▽

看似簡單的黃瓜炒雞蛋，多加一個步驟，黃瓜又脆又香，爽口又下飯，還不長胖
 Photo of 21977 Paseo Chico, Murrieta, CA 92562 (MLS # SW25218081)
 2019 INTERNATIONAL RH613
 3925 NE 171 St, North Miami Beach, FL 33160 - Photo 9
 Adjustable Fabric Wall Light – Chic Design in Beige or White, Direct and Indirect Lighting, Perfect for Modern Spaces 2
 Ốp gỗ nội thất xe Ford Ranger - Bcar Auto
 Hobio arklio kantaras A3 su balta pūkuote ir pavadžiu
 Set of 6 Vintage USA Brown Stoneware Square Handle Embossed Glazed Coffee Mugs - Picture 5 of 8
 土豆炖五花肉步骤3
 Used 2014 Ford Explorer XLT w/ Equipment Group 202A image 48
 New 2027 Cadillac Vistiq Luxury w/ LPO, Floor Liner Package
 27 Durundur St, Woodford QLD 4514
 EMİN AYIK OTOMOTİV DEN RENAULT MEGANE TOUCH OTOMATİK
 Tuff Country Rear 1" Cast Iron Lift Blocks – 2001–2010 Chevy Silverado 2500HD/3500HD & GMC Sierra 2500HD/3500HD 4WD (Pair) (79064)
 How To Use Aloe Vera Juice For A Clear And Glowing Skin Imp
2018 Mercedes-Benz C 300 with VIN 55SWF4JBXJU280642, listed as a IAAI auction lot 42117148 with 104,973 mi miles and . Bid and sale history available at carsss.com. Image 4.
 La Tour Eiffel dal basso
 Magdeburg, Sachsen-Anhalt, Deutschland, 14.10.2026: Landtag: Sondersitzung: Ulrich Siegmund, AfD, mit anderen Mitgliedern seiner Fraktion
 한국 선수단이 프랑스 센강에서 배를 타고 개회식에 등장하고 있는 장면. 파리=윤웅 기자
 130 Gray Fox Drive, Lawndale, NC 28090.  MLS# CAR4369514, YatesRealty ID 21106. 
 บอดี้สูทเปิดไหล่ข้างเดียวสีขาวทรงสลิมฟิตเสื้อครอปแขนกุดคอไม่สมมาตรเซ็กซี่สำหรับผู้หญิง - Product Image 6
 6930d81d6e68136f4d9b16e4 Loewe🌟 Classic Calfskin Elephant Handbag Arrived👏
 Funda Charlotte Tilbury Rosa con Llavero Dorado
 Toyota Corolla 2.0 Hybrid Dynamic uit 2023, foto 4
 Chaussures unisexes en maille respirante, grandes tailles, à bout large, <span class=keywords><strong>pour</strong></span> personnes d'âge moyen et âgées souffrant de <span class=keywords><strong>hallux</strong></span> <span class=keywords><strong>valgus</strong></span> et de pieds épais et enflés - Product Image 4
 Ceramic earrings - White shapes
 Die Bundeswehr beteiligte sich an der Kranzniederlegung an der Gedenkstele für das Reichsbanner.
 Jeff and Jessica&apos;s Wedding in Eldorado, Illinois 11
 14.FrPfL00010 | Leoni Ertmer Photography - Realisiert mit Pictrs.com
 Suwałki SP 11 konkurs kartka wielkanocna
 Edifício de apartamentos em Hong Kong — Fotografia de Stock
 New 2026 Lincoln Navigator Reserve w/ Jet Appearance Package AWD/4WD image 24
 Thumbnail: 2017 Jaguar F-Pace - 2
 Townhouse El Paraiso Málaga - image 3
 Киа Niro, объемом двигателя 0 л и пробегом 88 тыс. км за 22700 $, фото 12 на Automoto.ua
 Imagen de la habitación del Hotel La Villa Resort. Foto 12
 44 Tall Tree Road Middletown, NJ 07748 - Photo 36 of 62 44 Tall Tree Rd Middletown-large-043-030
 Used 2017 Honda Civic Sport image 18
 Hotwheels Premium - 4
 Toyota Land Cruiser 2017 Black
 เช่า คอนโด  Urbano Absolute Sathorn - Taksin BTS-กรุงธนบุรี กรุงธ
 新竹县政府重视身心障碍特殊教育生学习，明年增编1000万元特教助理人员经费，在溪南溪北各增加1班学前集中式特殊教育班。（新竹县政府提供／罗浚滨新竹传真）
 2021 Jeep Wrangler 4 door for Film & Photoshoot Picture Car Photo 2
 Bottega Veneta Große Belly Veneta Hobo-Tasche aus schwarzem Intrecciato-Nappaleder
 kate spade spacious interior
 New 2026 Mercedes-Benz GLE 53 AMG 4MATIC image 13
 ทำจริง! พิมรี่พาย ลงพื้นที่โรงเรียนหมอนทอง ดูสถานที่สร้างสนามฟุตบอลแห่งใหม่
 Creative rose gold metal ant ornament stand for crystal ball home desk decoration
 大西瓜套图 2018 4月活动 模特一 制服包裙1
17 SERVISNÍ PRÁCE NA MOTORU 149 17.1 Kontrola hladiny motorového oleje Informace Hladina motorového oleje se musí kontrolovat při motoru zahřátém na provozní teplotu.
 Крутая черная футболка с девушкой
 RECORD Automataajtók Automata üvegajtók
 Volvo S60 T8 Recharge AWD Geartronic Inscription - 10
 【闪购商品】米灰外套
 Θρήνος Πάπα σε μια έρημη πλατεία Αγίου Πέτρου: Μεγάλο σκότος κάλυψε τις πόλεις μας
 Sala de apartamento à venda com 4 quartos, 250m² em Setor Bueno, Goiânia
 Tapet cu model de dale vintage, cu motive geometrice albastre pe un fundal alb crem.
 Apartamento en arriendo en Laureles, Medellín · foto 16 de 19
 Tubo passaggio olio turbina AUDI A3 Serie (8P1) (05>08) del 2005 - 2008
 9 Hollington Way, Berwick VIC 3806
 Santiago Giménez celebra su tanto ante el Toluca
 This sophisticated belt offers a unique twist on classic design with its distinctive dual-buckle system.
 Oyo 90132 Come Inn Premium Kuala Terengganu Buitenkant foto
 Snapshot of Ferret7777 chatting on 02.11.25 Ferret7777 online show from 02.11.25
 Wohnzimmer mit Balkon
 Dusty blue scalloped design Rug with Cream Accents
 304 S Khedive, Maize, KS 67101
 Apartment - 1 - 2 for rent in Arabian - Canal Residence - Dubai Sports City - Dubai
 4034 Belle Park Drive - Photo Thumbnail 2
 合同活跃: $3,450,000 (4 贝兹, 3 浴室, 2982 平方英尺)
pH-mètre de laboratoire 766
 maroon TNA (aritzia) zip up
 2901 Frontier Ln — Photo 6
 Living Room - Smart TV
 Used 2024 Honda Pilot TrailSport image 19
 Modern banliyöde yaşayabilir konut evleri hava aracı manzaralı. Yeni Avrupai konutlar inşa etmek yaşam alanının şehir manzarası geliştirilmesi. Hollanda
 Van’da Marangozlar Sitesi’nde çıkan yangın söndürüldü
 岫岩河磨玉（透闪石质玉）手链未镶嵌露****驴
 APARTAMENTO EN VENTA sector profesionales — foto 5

△

• _AIM OF THE TASK_
How many lines in the records hold the string "Benz"? Reply with the number alone.

• _ANSWER BOX_
2